WEP doesn’t really affect all that many retirees. In 2018, for instance, just 1.8 million retirees, spouses and children, most of whom live in just seven states – California, Colorado, Illinois, Louisiana, Massachusetts, Ohio and Texas, were subject to WEP.

But the number of people affected by WEP has grown 14.7% in five years ending 2018, and experts say WEP can be a big shock for those unaware of the provision.

Here’s what you need to know about WEP and how to plan for it.

Read your Social Security statement

Many affected by WEP are taken by surprise. They shouldn’t be, says Heather Schreiber, the founder of  HLS Retirement Consulting. Instead, they should read their Social Security Statement which, she says, “clearly states that benefit estimates may not be accurate if the individual has worked in a position in which Social Security taxes were not paid.”
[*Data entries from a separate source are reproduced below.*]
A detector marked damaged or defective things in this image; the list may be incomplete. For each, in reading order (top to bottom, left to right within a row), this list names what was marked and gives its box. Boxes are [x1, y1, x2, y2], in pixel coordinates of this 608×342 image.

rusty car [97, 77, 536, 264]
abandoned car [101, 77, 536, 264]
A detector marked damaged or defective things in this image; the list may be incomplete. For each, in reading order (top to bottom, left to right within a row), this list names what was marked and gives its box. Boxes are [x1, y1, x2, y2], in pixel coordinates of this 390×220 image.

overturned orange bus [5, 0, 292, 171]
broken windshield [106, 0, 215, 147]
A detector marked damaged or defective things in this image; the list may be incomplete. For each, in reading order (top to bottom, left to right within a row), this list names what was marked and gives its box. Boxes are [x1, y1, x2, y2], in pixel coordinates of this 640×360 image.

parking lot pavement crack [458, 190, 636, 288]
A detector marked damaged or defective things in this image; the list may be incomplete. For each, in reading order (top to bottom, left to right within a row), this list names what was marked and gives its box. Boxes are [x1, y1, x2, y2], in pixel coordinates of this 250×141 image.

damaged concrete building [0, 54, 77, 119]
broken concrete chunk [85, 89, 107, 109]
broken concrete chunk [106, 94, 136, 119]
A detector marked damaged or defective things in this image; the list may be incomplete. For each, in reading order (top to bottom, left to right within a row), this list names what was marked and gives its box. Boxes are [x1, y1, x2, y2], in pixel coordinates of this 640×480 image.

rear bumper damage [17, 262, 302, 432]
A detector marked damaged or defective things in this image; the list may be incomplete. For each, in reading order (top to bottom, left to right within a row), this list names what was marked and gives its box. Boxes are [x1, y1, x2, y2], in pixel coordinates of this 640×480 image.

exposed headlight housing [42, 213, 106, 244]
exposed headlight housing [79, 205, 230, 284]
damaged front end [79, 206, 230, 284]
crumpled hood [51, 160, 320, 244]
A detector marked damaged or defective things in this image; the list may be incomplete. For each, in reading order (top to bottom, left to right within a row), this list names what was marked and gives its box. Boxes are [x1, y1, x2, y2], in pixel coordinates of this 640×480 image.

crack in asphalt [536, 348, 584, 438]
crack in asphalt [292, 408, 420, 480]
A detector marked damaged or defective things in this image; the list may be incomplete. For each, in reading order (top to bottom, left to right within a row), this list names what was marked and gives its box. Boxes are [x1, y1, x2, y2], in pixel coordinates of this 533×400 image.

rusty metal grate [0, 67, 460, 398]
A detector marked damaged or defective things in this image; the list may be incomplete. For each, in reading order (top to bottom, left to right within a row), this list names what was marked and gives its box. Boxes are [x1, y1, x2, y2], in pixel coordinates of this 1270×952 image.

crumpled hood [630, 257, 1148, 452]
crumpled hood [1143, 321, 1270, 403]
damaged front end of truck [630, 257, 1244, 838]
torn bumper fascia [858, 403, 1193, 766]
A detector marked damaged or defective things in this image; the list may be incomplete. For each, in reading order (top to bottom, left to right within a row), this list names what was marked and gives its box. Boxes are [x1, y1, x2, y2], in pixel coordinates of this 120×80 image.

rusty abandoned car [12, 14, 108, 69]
Without the knowledge of this, Schreiber says many non-covered governmental workers are surprised to learn that they may experience in 2020 as much as a $480 reduction to the estimated benefits.

Do you have 40 credits?

Too many people labor under the misconception that the receipt of a public pension based on work not covered under Social Security means that they will never be eligible for anything from Social Security, says Kurt Czarnowski, a Social Security expert with Czarnowski Consulting. That erroneous belief lingers, he says, even though they may have accumulated 40 credits. Those credits, which are based on your total wages or income for the year, and can be earned up to a maximum of four per year.

“That is just wrong,” he says. “As long as someone has those 40 credits, they will always be eligible for something each month from Social Security, even though they receives that public pension.”
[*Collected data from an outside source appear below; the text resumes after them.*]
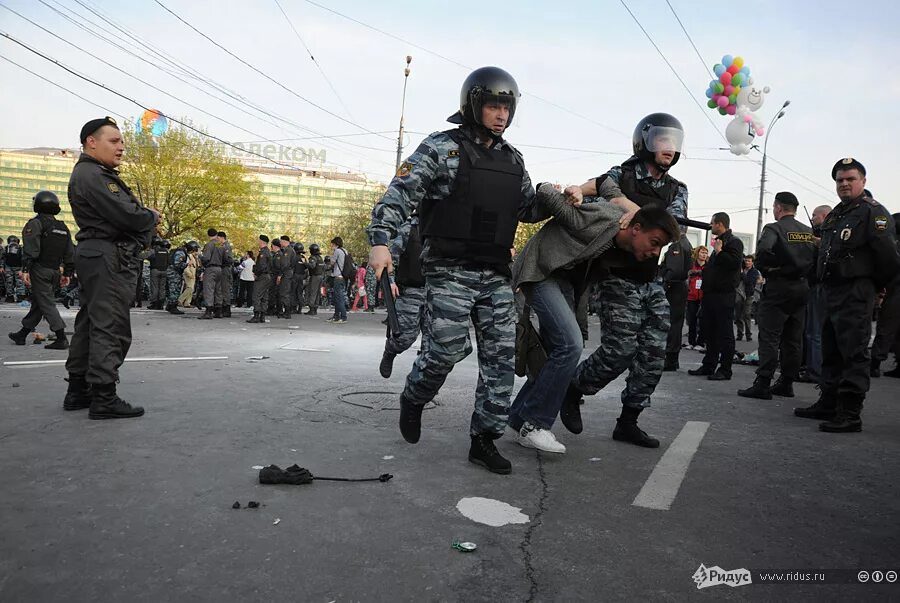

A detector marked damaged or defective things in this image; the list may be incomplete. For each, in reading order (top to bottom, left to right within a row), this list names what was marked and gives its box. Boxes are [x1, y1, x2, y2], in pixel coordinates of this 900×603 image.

cracked asphalt [0, 304, 896, 600]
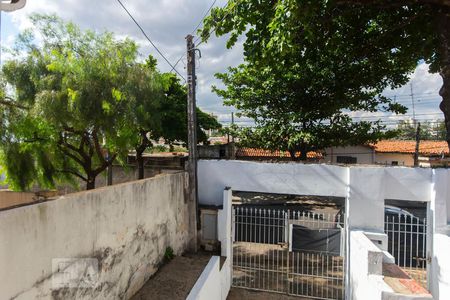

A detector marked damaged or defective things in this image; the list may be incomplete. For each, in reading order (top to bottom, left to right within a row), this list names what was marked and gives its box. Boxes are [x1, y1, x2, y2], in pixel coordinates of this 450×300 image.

wall with peeling paint [0, 172, 192, 298]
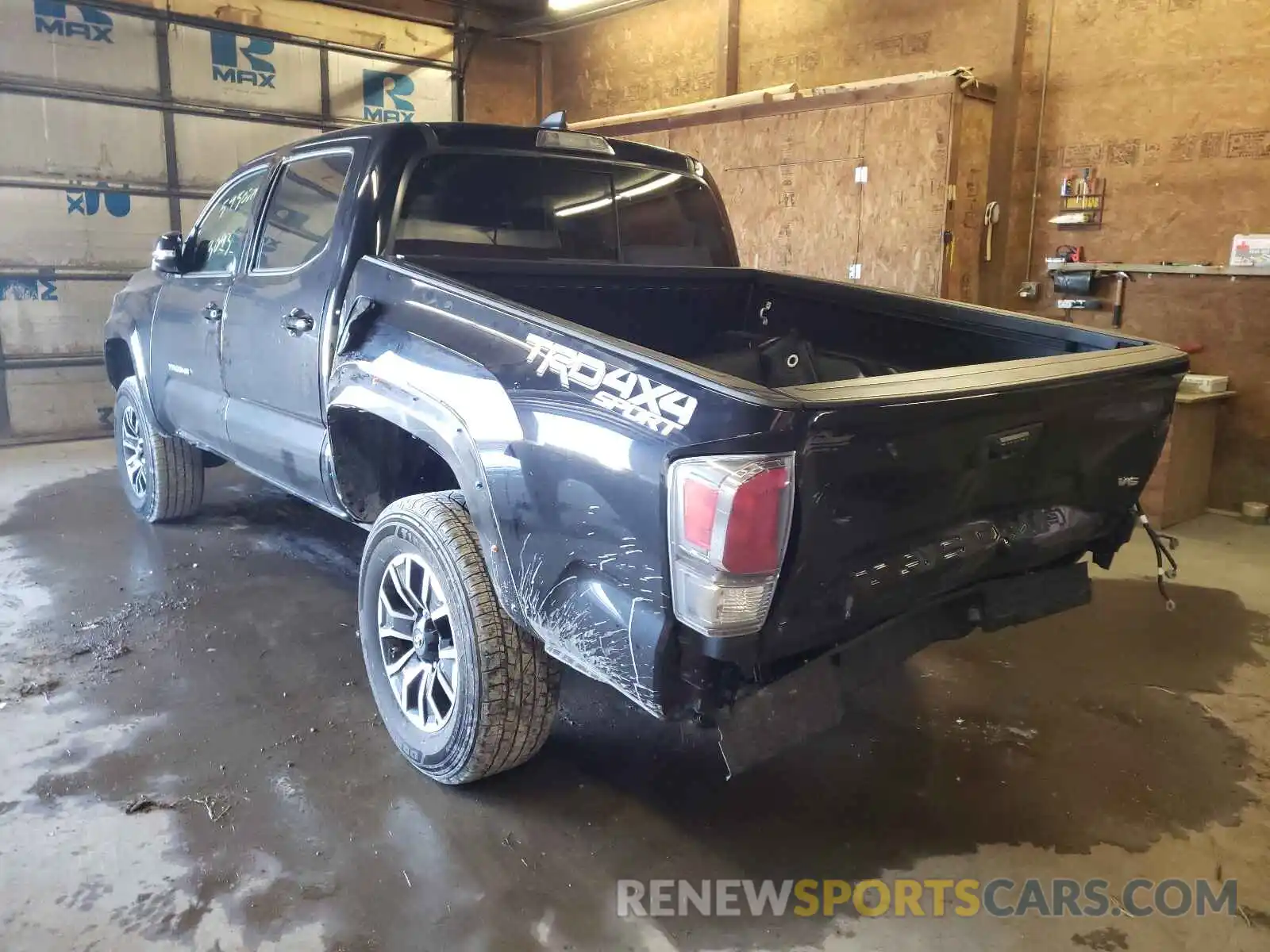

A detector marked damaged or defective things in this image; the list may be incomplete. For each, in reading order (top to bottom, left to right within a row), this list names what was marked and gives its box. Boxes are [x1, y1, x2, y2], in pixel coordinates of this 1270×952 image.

damaged rear quarter panel [327, 259, 784, 714]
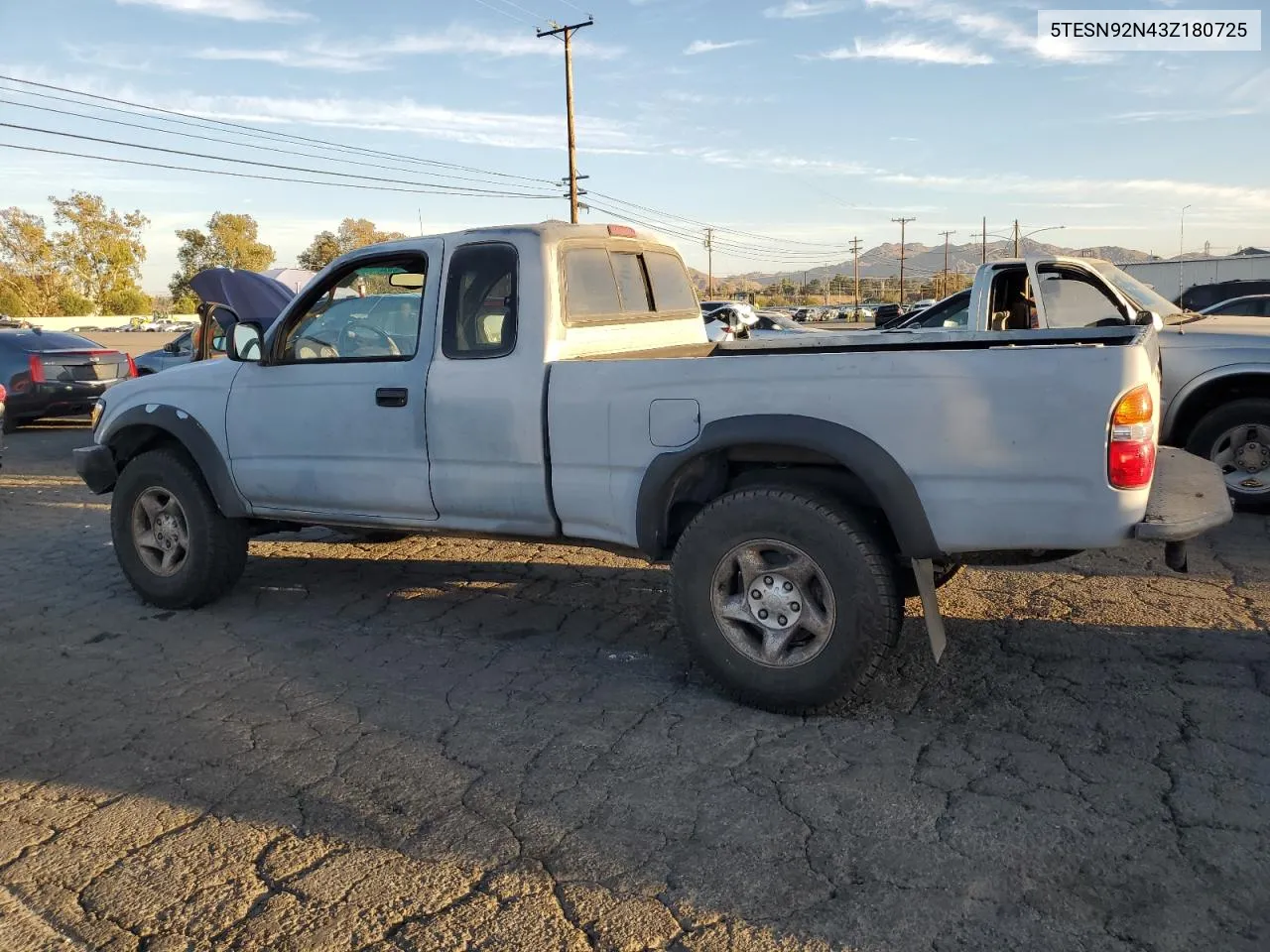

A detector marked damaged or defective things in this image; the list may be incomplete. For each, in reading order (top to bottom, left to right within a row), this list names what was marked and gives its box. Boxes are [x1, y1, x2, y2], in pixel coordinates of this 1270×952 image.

cracked asphalt [2, 420, 1270, 949]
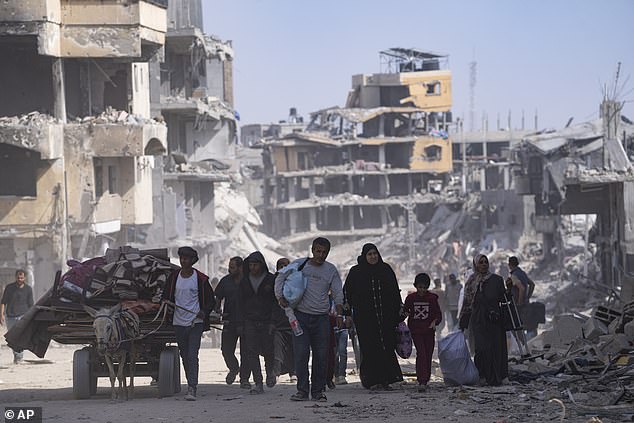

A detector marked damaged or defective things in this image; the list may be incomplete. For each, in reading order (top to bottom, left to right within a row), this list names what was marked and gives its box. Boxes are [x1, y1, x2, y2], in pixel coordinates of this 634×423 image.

damaged multi-story building [0, 0, 169, 298]
damaged multi-story building [143, 0, 237, 278]
damaged multi-story building [256, 49, 454, 247]
damaged multi-story building [512, 97, 632, 304]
The bad news, however, is that, absent 30 or more years of “substantial earnings,” the person’s Social Security benefit won’t be as high as it would have been without that pension, says Czarnowski. “However, they will always receive something,” he says. “The WEP never reduces someone’s benefit to zero.”

Schreiber says those affected by WEP should strive to “fully understand the dynamic relationship between Social Security covered earnings for an individual who also worked for a governmental employer in which earnings were not subject to Social Security and instead, applied a different system to permit the employee to later collect a pension.”
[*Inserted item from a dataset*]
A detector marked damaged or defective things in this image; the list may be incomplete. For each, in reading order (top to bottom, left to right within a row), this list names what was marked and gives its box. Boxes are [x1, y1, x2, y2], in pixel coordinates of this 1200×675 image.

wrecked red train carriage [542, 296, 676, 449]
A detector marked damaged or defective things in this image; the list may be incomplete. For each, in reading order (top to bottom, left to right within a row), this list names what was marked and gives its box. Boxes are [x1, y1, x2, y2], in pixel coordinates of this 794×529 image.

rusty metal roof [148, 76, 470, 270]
Absent education on the topic, she says individuals may find themselves with less anticipated monthly income if they planned around the estimated benefits on the Social Security statement.

What triggers WEP?

Receipt of your pension is what triggers the application of WEP, according to Czarnowski.

Why is that important? Because once someone reaches their full retirement age, or FRA, the person’s work and earnings no longer affect his/her ability to collect Social Security benefits, says Czarnowski. “Therefore, if someone has reached FRA, but has not yet retired from public service, they can apply for Social Security at that point, and receive a full – non-WEP – benefit amount each month,” he says. “Once the person actually retires and starts to receive the public pension, they will need to notify Social Security that the pension has begun, and the person’s Social Security benefit amount will be adjusted downward at that point to account for the impact of the WEP.”

Work never hurts

Many public employees lose sight of the fact that a Social Security retirement benefit is based on an average of the person’s 35 highest years of inflation-adjusted earnings under the system, says Czarnowski. “These same folks are subject to the different formula of the WEP unless they accumulate 30 or more years of ‘substantial earnings,’ ” he says.

“So, unless they have 35 years of actual earnings, any Social Security earnings that they have will result in a higher monthly retirement benefit, even if the additional year of earnings isn’t high enough to count as a year of ‘substantial earnings’ which reduces the impact of the WEP,” says Czarnowski.